I learned much from watching my pastor and other servants of the Lord tend to the presence of God with such diligence and delight. The strength of their faith, their zeal for the Lord, and their desire to be with him was evident. They always wanted more time to pray because they never get enough of Jesus! I am indebted to these saints, intercessors, and prayer laborers for everything they taught me as they shared their prayer lives with me.
What is the “secret sauce”? How do they do it? How is anyone able to cultivate a consistent prayer life and find joy in it? Building a consistent prayer life is not always joyful. It starts with discipline! One minute seems like an eternity when you are trying to concentrate in prayer but the mind keeps wandering. Did I switch off the stove, add detergent to that last load of laundry, will I ever finish that project at work, will God ever bring Prince Charming? Don’t fret, keep at it; this is all part of learning to give God our full attention. Over time you will notice that discipline has turned into joy and time begins to fly in the space of prayer. Here are some things I have learned throughout the years that have helped cultivate joy in prayer.
1. Establish rhythms of time and place
Luke 2:37 says, “[…] She did not leave the temple, serving God night and day with fasting and prayers.”
That is what the evangelist tells us about Anna, a widowed prophetess, who had spent all her life serving God in prayer. I imagine she fervently interceded for the coming of the Messiah, whom she was now seeing with her very own eyes as a babe being blessed by Simeon. I imagine everyone knew exactly where to find Anna at particular times of the day. If anybody inquired about her around the temple, one of the priests might have said, “You know, this is her regular prayer time, so she will be at her usual spot, follow me. But you better brace yourself to wait a few hours because it’s gonna be a while before she is done praying.”

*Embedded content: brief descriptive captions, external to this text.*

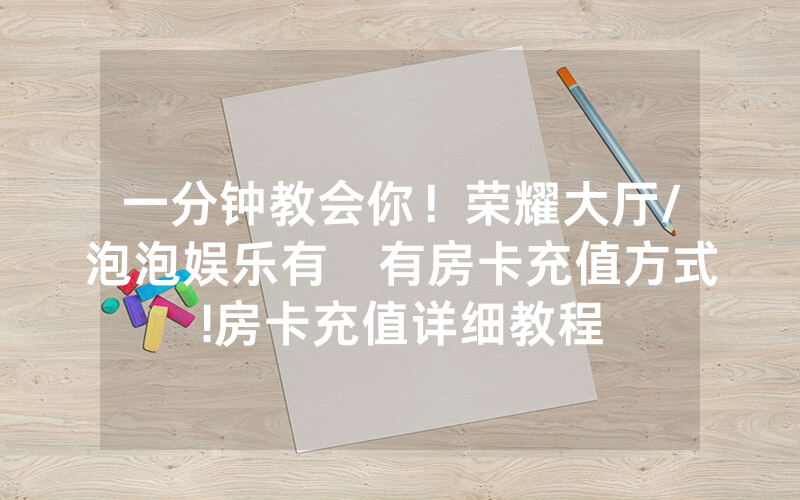 一分钟教会你！荣耀大厅/泡泡娱乐有沒有房卡充值方式!房卡充值详细教程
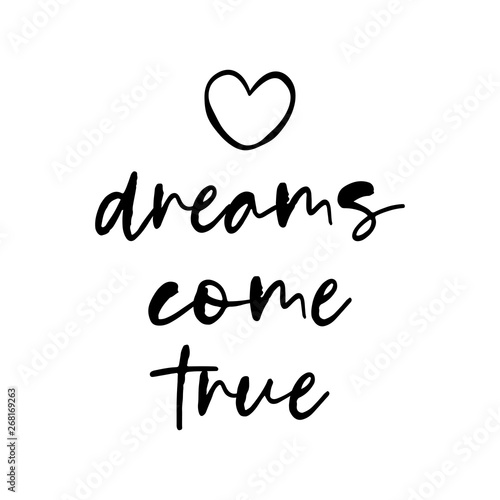 dreams come true - daily mantra for happy life. Hand drawn lettering quote. Vector illustration. Good for scrap booking, posters, textiles, gifts...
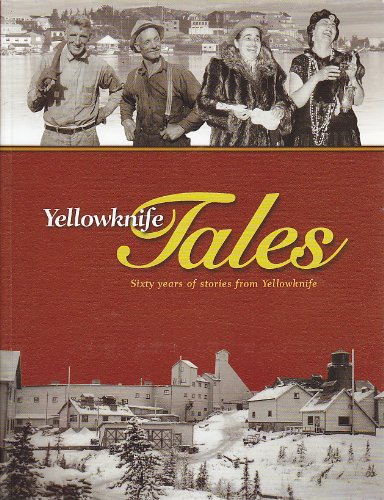 Beispielbild fr Yellowknife Tales: Sixty Years of Stories from Yellowknife zum Verkauf von ThriftBooks-Dallas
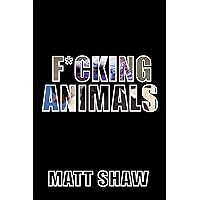 F*cking Animals: A Messed up Story of Mental Illness and Sex F*cking Animals: A Messed up Story of Mental Illness and Sex Kindle Paperback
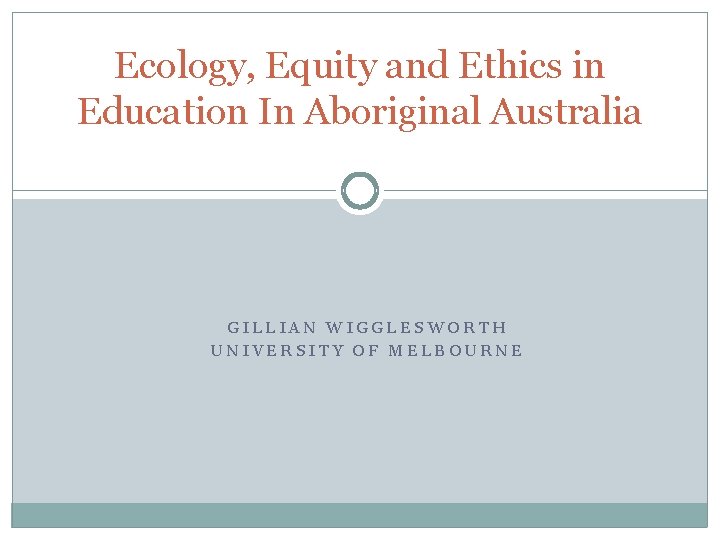 Ecology, Equity and Ethics in Education In Aboriginal Australia GILLIAN WIGGLESWORTH UNIVERSITY OF MELBOURNE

You and I need regular rhythms of prayer in order to be consistent. Pick a time of the day when you are most alert and a quiet, peaceful place to pray. Make this an appointment that you cannot break, and always show up. Do not concern yourself with the length of your prayer time, focus on being with Jesus.
2. Devise a strategy
It can be daunting to arrive at our prayer appointment without an agenda. It can feel like staring at a blank page on a computer screen with the cursor flashing, reminding us that we haven’t written a single word. In order to avoid that sensation of being stuck without anything to say, make a plan for your prayer time. Here is a basic outline of my prayer times.
A schedule will help you focus and avoid exclusively self-centered prayers that ignore neighbors and the work of God’s kingdom. Note that a schedule serves as a guide and is not written in stone. The Holy Spirit will often change our plans by reminding us of someone’s name, or bringing to mind a particular situation. Follow the lead of the Spirit! There is no need to be legalistic about the schedule. This is how we learn to listen to the voice of God as we pray, obedient to the promptings of the Holy Spirit.
3. Bring your Bible to your prayer appointment
1 John 5:14-15 says, “This is the confidence we have before him: If we ask anything according to his will, he hears us. And if we know that he hears whatever we ask, we know that we have what we have asked of him (emphasis mine).”
John tells us that one of the keys to effective prayer is to pray according to the will of God. How do we know the will of God? The will of God is written in the sacred Scriptures. Thus, knowing our Bible is the most productive thing we can do to cultivate joy and effectiveness in prayer. When we pray Scripture, we pray God’s very word back to him!
How do we pray Scripture? The epistles are filled with rich prayers. One of my favorites is Ephesians 1:15-19, as Paul prays for a Spirit of wisdom and revelation, for an opening of spiritual eyes, so that the church would understand the nature of the marvelous inheritance they have in Jesus. Ephesians 1:3-14 tells us that such inheritance is nothing less than “every spiritual blessing.” In Christ we have been chosen, redeemed, adopted, forgiven, and sealed by the Holy Spirit. Paul was praying that God would grant understanding to his church, so that she could grasp the glorious gospel she had received in Jesus!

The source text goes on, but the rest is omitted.